Le groupe dévoile rapidement un visage qui s'avère plus extrême, aussi bien par petites touches subtiles que plus frontalement, au besoin du développement qu'imposent les titres. Et les premiers écueils de black apparaissent dans des riffs, au sein du titre 'Poursuite en Atlantique'. Si la base est résolument heavy (voire même speed metal), les riffs black arrivent dans des moments où un coté épique apparait. Et c'est là que l'on touche un aspect redoutable de Mormieben: le groupe offre des titres épiques, structurés autour de divers styles offrant cette possibilité, allant bien plus loin dans le concept, bien au-delà que de la simple thématique.

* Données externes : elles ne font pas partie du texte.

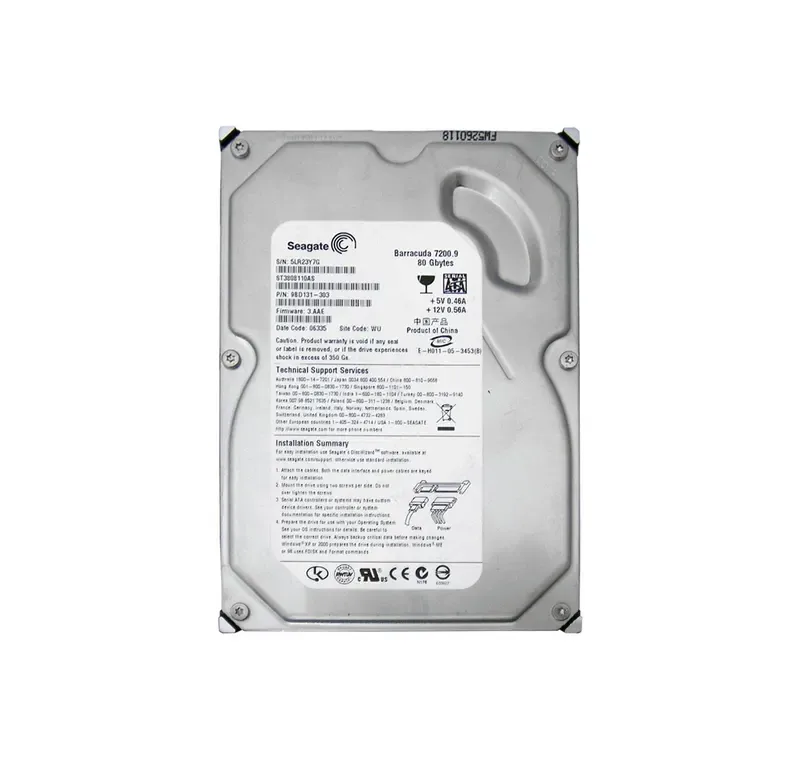 ST3808110AS - Seagate BarraCuda 7200.9 80GB 7200RPM SATA 3Gb/s 8MB Cache 3.5-inch Laptop Hard Drive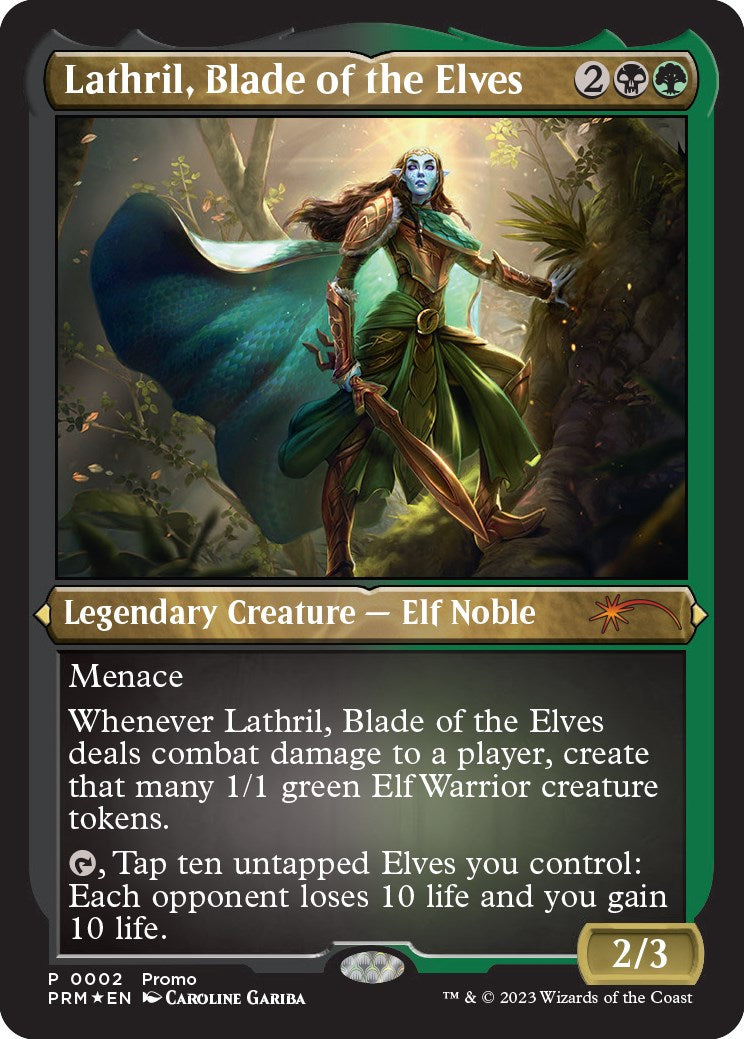 Lathril, Blade of the Elves (Foil Etched) [Media Promos] | Pegasus Games WI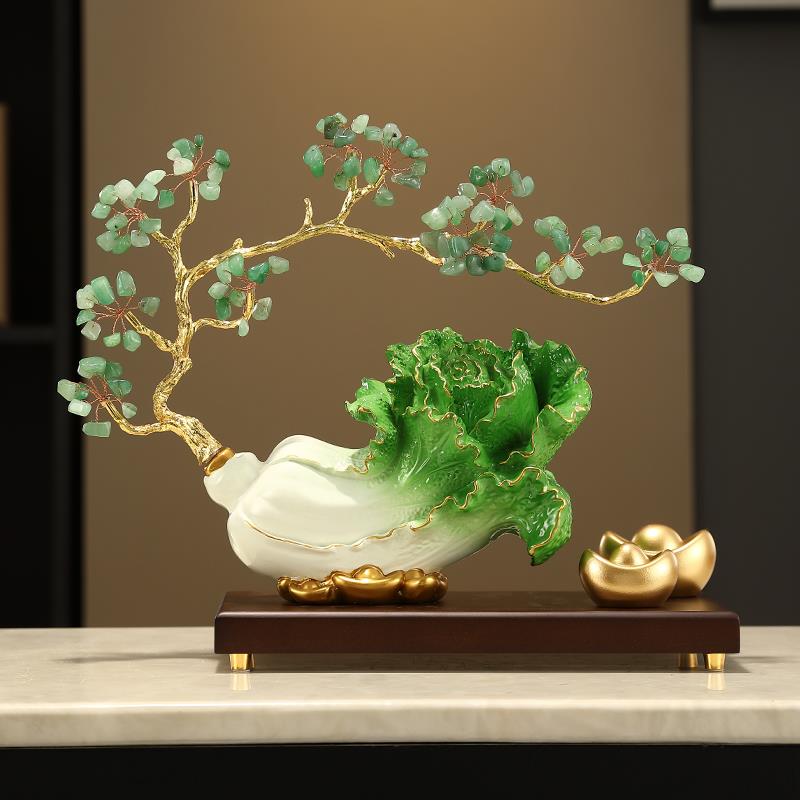 白菜摆件高端款客厅玄关招财开业礼品百财酒柜装饰品乔迁开店礼物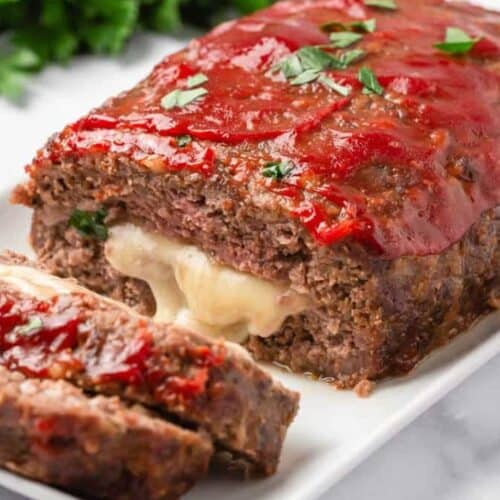 Mozzarella stuffed meatloaf.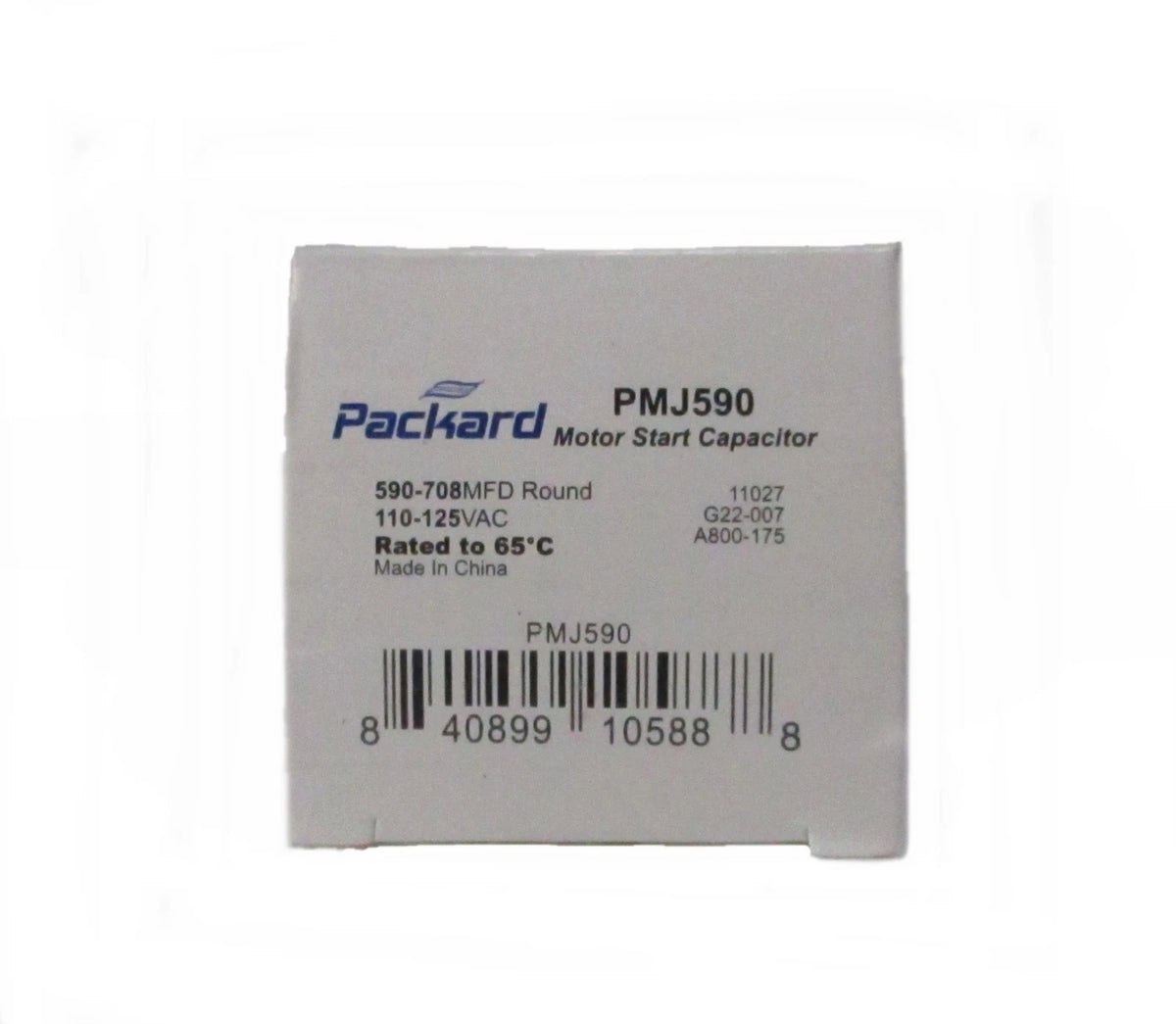 Packard PMJ590 Motor Start Capacitor 590-708 MFD UF (110-125 VAC)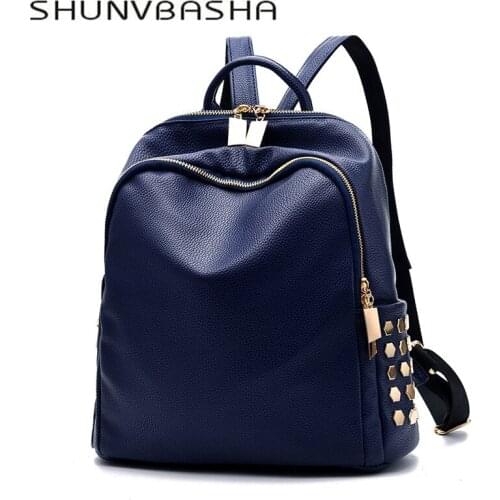 SHUNVBASHA Fashion Women Backpack High Quality Youth Leather Backpacks for Teenage Girls Female School Shoulder Bag Unisex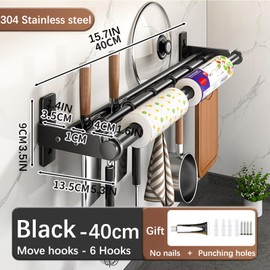 Hanging Wall Mount knife Wall Mount, Kitchen Organizer Storage Shelf for Utensils Spatula Spoon, Space-Saving Knife Rack with Hooks,Wall-Mounted Utensil Holder (Black, 40CM+Three Poles+6Hooks)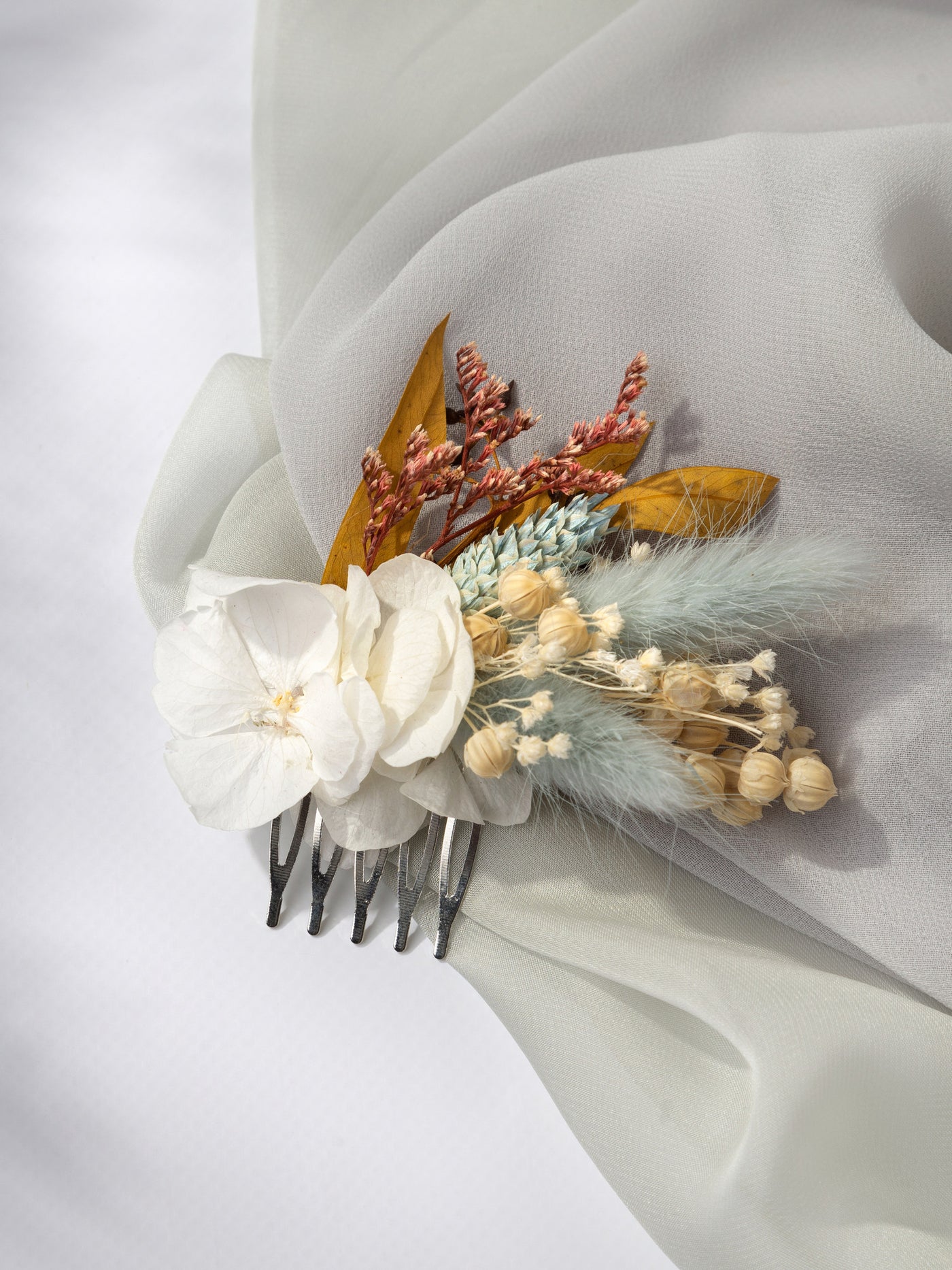 Hair Comb Rust With Sage Green Flowers For Your Wedding Day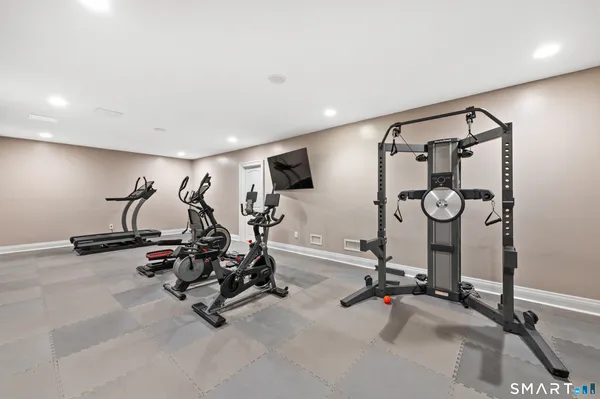 a view of a room with gym equipment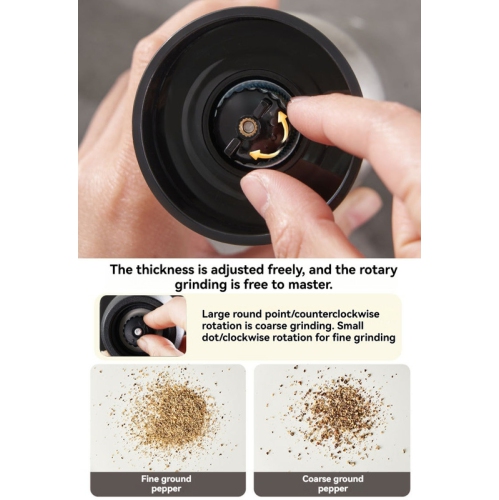 304 stainless steel pepper grinder, manual seasoning bottle for home kitchen, adjustable coarse black pepper, sea salt and pepper powder grinding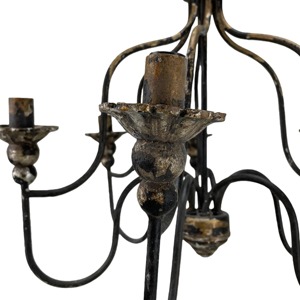 Fabulous Vintage Iron Chandelier Circle Shape <b>Lighting</b> <b>Fixture</b> Ceiling Decorations Black Metal Spiral Design - Product Image 4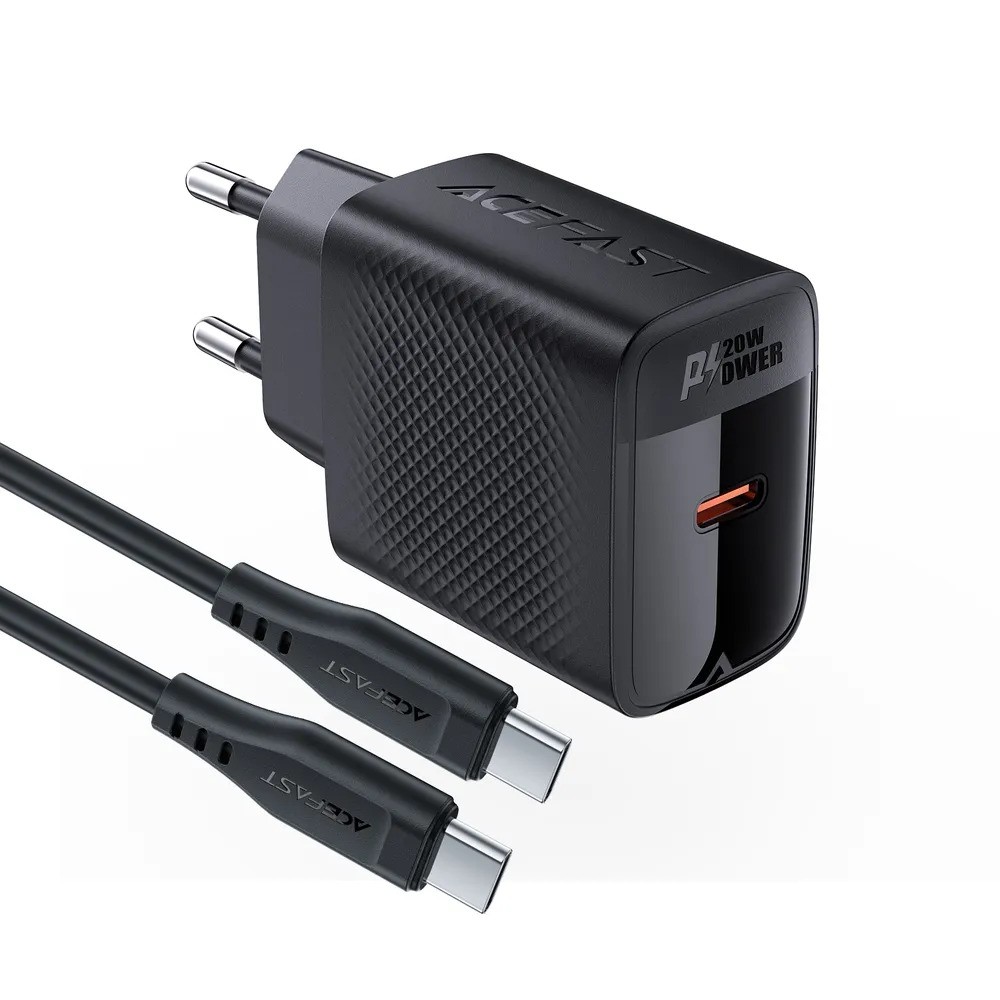 Зарядное устройство ACEFAST A82 PD20W GaN USB-C (с кабелем USB-C на USB-C, черный)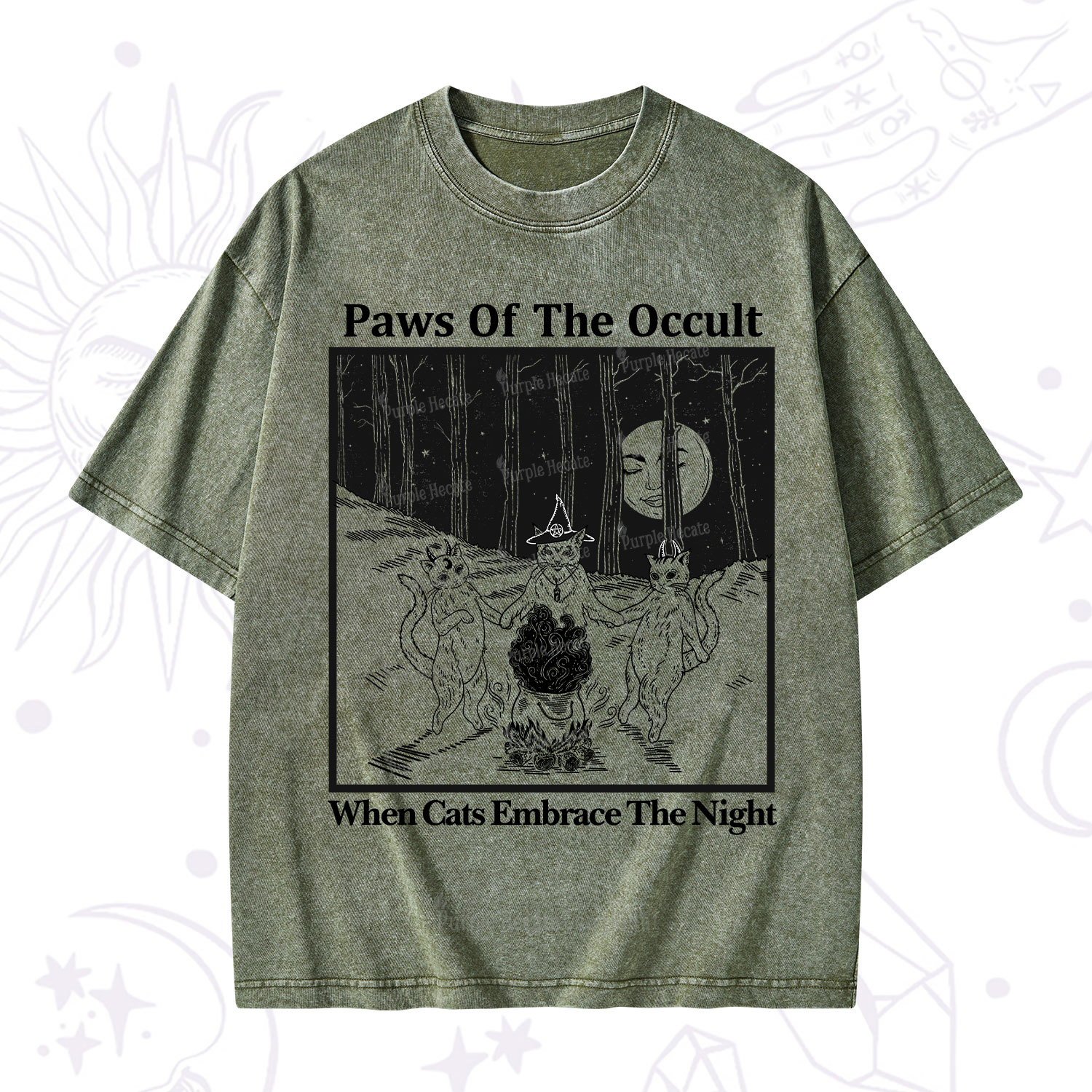 Purplehecate Witchy Cats Washed T-Shirt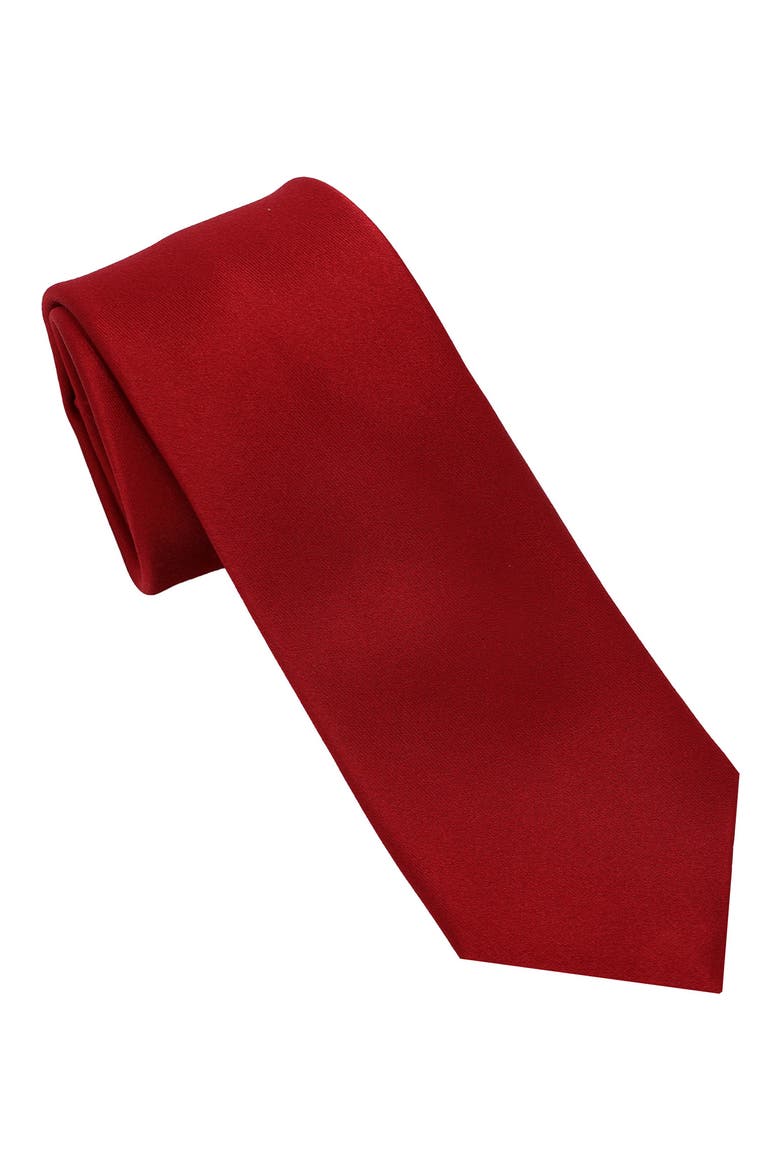 Solid Satin Tie, Main, color, RED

Car Mormieben utilise les possibilités qu'offre le black et va offrir différents visages, prenant source aussi bien dans le pagan que dans un black atmosphérique, l'album renfermant énormément d'ambiances et de déploiements émotionnels. Et l'un des premiers titres qui explore vraiment cette aspect est 'Encalmines', s'appuyant sur un coté très mélancolique, presque dépressif et assez sombre, que les riffs black sautent vraiment aux oreilles, appuyant plus encore le coté émotionnel mais aussi amenant une couche supplémentaire à la trame. Et le groupe va alors offrir deux visages: un plus onirique où le groupe va être plus mesuré, où la subtilité et la finesse domine. Et confronté ce visage onirique à un visage qui est la confrontation à la réalité de la piraterie, à travers une approche plus brute et virulente.
Et ainsi le groupe livre un coté pique, qui s'avère d'une redoutable efficacité, naviguant entre différents styles qu'il imbrique, créant quelque chose de plus hybride mais indéniablement bien vu car fonctionnant complètement en matière d'immersion, de cohérence et d'implication. Ce côté épique ne se formalise pas que dans la musique (de par sa forme ou sa durée) mais aussi dans un certain état d'esprit qui colle avec la thématique. Et lorsque ces éléments se rencontrent, les titres offrent des dimensions qui sortent du cadre, à l'image de 'Japon - Le règne de Wata Tsu Mi'.
Mormieben ne se limite pas à ces relents black. Il amène, au besoin, d'autres effleurements, teinté death, thrash et d'amener sur sa base heavy des choses plus exotiques où un coté black thrash va par exemple se lier à des sonorités moins habituelles. Et c'est là qu'apparait une autre particularité du groupe. Où j'évoquais le début des titres qui amenaient des thématiques plus spécifiques, le groupe y va à fond et joue le jeu en intégrant des gammes différentes, liant le concept, la vision, la cohérence et l'approche entre eux, pour nous mener vraiment avec eux. Et si on a toujours ces riffs assez black qui sont là, les sonorités et les tonalités, liées à ces gammes plus exotiques, créent des trames très différentes mais qui sont complètement liées à l'histoire et cette cohérence que j'évoque souvent. Et aussi cela permet d'offrir des moments structurels importants ou servant de sortes d'exutoires, plus à destinations de l'auditeur (car certains sont fait pour se péter les cervicales).
Et au-delà du côté épique, il y a derrière une dimension plus cinématographique qui apparait ici et là. Les codes que le groupe pose sont ainsi une passerelle vers différents domaines artistiques qui se recoupent et donnent plus de corps à l'ensemble. Est-ce un choix réfléchi ou est-ce que cela découle des structures et constructions des titres? Aucune idée mais là encore, il y a une approche efficace et immersive.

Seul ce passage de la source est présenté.